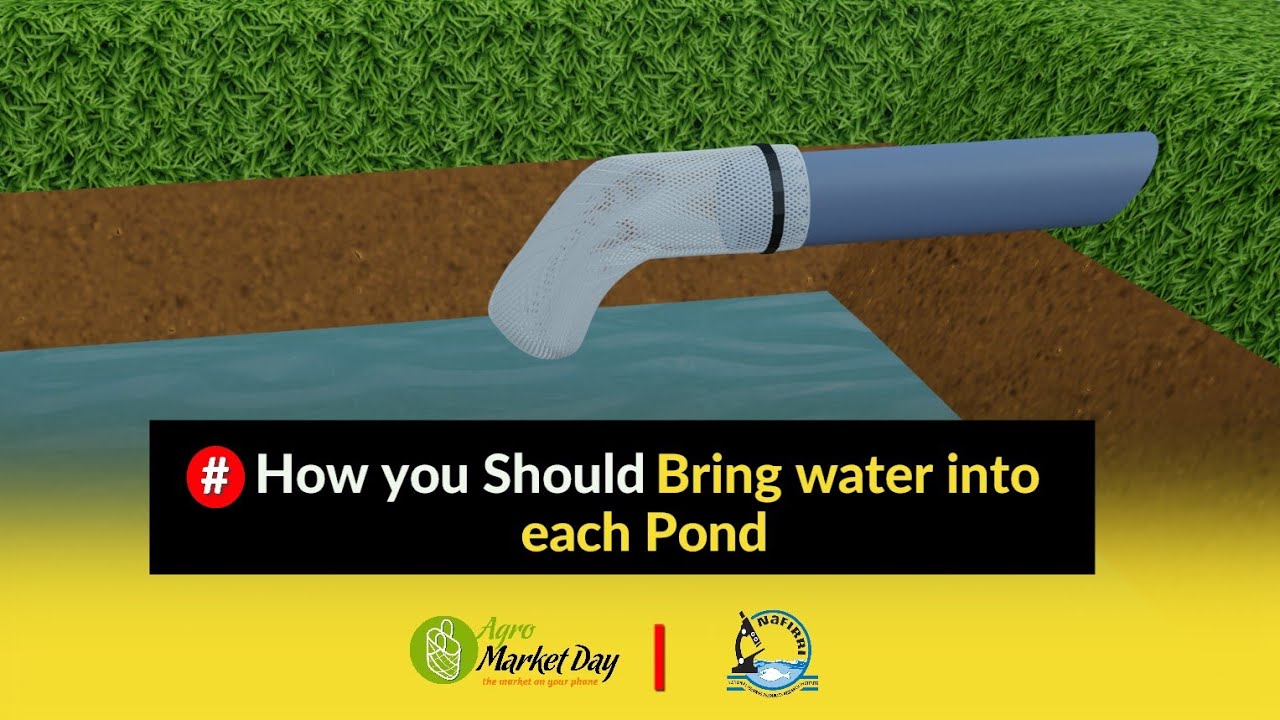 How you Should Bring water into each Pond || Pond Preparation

* * *

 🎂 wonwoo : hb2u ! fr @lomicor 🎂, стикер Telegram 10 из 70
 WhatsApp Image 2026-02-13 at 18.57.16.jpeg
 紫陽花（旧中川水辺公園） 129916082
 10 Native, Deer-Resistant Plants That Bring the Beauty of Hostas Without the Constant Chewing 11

## REQUIRED WORK
Will you return exactly the lines above from the one with "WhatsApp Image 2026-02-13 at 18.57.16.jpeg" down to the one with "10 Native, Deer-Resistant", counting both as part of the range?

## ANSWER TO THE PROBLEM
 WhatsApp Image 2026-02-13 at 18.57.16.jpeg
 紫陽花（旧中川水辺公園） 129916082
 10 Native, Deer-Resistant Plants That Bring the Beauty of Hostas Without the Constant Chewing 11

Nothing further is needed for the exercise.